Figurative decoration at the altar, both painted and sculptural, originated in the antependia that were placed on the front of the altar, behind which the priest celebrated mass facing ad populum.
Liturgical changes in the 13th century and the efflorescence in building subsidiary side altars and chapels led to the priest’s standing with his back to the people, obscuring the front of the altar; a single image or a more complex triptych or polyptych developed, in front of which the priest said mass. By the end of the 16th century, the sacrifice of the mass governed the suitability of subjects depicted immediately above.

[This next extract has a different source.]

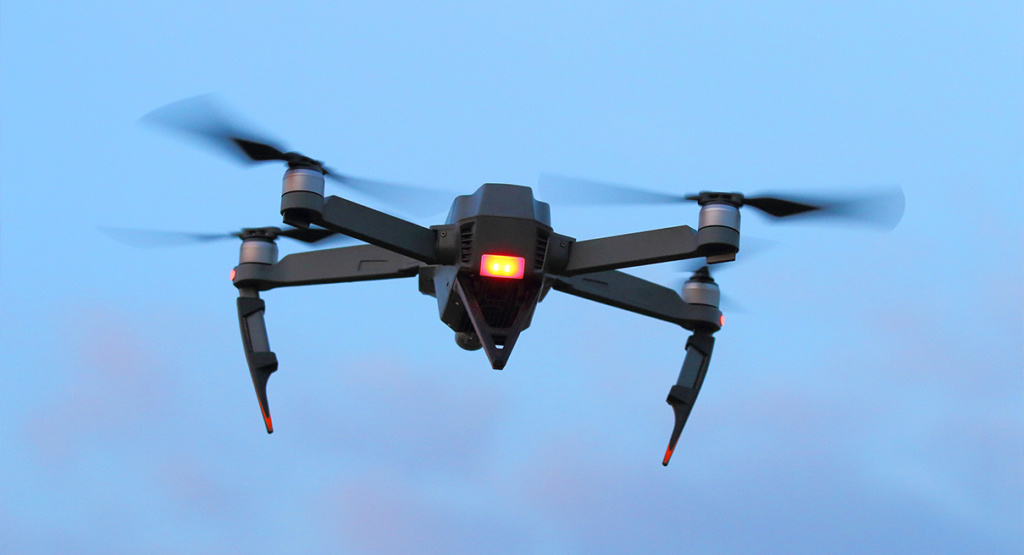 A black spying drone on the evening sky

Ekserdjian concerns himself with hundreds of surviving examples, from churches in Italy to collections worldwide. They are broadly classified as immagini (icons, but not narrowly in the Orthodox tradition), historie (narratives; the Gospel narratives in Italian are historie), and misterie.
After an opening chapter on patronage and a survey of surviving contracts, he examines the polyptychs of the Virgin and Child with saints and then the narrative altarpieces of the Virgin and Child, of the saints, and of associated mysteries.
The final chapters examine the structure of the altarpieces with the predella scenes often included below the principal altarpiece, providing running commentaries on the lives of saints. A final, slightly rushed, chapter looks at the changes that occurred from 1560 to 1610 in the wake of the canons of the Council of Trent’s 25th session, 3-4 December 1563 (printed in an appendix).
I would have welcomed a slightly earlier start to explain the influence that Greek Orthodox icons had on the format and type of altarpieces and some recognition of how sources outside the Italian peninsula occasioned diversions.
For instance, he claims that the Sienese Marco Pino’s altarpiece in Naples of the Virgin and Child with saints has an “unparalleled” image of St Ignatius of Antioch, who is seen kneeling in front of a vision of the Virgin and Child between two lions, one of which is attacking his shoulder and biting through his cope. In Orthodox icons, the Early Church Father is depicted between two lions, and The Golden Legend picked up on this.
The publisher is generous with 250 reproductions, but Ekserdjian necessarily examines altarpieces that are not illustrated with such enthusiasm that I spent a great deal of my time following his footnotes to rather obscure sources.
Of the five altarpieces of Francesco Raibolini, called Il Francia (c.1497-c.1517), in which St Sebastian appears, I traced the Purification of the Virgin to a Sacra Conversazione now in the Capitoline Museum, begun c.1514 for the Church of San Domenico in Reggio, but so far have found only three of the others.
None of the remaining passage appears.